Sunday, August 05, 2007

The Motu Proprio Musical Frenzy

I've been fielding lots of emails from people who are scrambling to put together a musical program for the 1962 Missal. I've noticed several main problems cropping up, and I do plan a series of posts going into detail on these, but let me just quickly sum up the primary mistaken notions:

1) Hymnomania: Many people see the 1962 Missal as a chance to revive the good old hymns from yesteryear that have received such shabby treatment post 1970, and are looking for hymnbooks that can help them. The general thrust of this is a mistake. Hymns are not the musical foundation of the Mass. They are permissible in a recessional song perhaps but the ideal does not include them, even if they won't entirely disappear in practice. The focus must be on the ordinary chants and the proper chants, and if hymns are used, they should be Latin plainchant for the most part. Let us please not repeat the mistakes of the past. The "four-hymn sandwich" came not with the new form but was inherited from the old form. It was the norm. It continues to be the bane of modern liturgical life, a regrettable gift from days of yore to our own times. Bringing back a lost liturgy should not mean bringing back the mistakes and errors and even abuses of the past. If you are talking only about what hymns you are going to sing, you are on the wrong track.

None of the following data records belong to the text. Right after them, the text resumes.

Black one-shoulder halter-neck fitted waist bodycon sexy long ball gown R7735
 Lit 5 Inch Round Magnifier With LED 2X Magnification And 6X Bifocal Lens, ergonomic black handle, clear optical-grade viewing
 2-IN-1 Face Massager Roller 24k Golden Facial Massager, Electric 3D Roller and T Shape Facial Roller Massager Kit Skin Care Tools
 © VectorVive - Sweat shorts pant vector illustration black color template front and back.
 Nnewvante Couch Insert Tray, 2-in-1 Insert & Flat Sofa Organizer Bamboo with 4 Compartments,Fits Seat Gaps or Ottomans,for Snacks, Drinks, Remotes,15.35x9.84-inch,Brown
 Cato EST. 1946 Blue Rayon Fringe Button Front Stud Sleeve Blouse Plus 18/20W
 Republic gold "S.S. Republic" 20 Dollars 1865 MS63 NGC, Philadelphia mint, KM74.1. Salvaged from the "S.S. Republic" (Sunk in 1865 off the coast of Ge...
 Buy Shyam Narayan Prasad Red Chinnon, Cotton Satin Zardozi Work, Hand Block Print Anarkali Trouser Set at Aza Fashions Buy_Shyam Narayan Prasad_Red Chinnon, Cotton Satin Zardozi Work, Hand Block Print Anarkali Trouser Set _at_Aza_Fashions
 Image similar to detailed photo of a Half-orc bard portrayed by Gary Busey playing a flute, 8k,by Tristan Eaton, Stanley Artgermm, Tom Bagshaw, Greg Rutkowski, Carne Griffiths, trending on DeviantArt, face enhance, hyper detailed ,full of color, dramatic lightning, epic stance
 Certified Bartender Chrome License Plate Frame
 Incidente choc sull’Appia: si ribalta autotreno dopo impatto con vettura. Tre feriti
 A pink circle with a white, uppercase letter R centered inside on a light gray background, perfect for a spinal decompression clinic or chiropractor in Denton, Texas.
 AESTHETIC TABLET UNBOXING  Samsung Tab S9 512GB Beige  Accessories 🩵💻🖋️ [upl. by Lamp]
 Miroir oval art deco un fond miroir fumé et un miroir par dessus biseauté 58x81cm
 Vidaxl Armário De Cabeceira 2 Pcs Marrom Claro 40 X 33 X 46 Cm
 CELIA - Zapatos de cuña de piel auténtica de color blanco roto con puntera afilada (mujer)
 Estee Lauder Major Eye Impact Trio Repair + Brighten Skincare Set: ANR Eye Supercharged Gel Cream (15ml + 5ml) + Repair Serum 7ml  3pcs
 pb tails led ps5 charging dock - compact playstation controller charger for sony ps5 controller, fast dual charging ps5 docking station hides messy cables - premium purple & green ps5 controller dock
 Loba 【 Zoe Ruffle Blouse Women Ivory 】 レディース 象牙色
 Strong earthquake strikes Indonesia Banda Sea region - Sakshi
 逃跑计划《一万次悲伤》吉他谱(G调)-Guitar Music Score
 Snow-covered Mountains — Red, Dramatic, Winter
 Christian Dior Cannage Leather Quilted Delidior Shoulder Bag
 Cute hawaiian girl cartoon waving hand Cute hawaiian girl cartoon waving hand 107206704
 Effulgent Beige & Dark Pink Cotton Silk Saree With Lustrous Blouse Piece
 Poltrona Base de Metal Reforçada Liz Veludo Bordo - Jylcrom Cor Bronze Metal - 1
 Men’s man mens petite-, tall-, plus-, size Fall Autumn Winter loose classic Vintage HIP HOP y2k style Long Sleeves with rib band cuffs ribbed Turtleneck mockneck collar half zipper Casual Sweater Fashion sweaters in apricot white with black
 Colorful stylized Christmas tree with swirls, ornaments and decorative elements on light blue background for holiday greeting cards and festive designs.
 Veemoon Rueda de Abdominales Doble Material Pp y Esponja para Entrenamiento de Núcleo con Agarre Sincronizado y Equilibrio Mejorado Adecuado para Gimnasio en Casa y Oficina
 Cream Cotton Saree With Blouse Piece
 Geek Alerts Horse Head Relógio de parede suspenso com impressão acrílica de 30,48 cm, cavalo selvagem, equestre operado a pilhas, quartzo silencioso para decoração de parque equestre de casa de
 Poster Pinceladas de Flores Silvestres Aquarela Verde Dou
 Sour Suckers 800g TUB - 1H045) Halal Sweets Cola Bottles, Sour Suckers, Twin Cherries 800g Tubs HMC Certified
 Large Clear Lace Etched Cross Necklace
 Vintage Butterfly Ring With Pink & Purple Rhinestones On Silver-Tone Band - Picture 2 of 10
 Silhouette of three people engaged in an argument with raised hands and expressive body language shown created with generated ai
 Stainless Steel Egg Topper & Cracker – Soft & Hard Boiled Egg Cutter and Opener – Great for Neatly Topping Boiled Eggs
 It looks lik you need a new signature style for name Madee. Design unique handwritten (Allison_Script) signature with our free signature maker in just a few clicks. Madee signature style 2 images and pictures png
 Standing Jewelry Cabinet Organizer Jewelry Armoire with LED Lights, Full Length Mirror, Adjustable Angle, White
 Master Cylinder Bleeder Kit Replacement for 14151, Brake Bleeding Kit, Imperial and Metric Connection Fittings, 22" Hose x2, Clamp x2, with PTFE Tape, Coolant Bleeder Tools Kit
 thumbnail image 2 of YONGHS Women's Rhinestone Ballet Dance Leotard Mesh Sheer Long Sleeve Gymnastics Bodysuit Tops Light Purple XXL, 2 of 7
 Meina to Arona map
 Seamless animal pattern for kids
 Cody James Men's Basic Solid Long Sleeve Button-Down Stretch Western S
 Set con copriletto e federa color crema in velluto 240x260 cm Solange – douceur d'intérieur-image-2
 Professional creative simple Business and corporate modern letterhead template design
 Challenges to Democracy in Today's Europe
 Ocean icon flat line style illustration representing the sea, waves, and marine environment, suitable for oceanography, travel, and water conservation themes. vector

2) Propermania: There is no way that a new schola is going to be able to sing all the propers from the Graduale. Nor will a new schola be able to sing the Introit and Communio only. I doubt that a new schola will be able to sing the Communio only every week. It is a mistake to attempt this because it will collapse into what has been sadly common in the Indult world: one hot-shot chanter dragging around a ball-and-chain of a pseudo-schola that has mastered only the ability to imitate what the master is doing a split second after he does it. This practice ends up creating a great and persistent liturgical mush. Better to do one proper and do it well rather than go for the perception of virtuosity that lacks any basis in reality. The opportunity to do the 1962 Missal does not magically confer on local singers the ability to read and sing chant. This takes years and years. You must think about the long term. Focus on the ordinary at first, and do the propers in tones, while always looking for the ideal.

3) Mass 8, saecula saeculorum. Yes, it is a temptation to drag out the Missa de Angelis because there is a vague memory of it in a subset of the parish. Please resist the temptation! The Gloria from Mass 8 is very late, barely Gregorian at all. They are nearly modern in their phrasing and melody. If you start with Mass 8, you will never leave it and you will be stuck with it forever. Don't go there, not even as a temporary measure. The Church gives us a vast number of Glorias and Credos to sing, some of which are far more accessible than Mass 8 and Credo 3. Pick one and stick with it for a while. Don't give in to the popular desire to drag out preconcilar musical corpses (ok, that is too strong a phrase to describe Mass 8, but it is a good phrase and I couldn't resist the rhetoric).

In the next weeks, I'll work on a few posts giving positive steps that people can take. In general, please keep in mind here that the goal is not merely to "turn back the clock" or resurrect the past in all ways. The revival of the classical use provides an opportunity to go forward to the ideal that was long forgotten before 1970 and 1962. Let's don't miss the chance to do something wonderful here.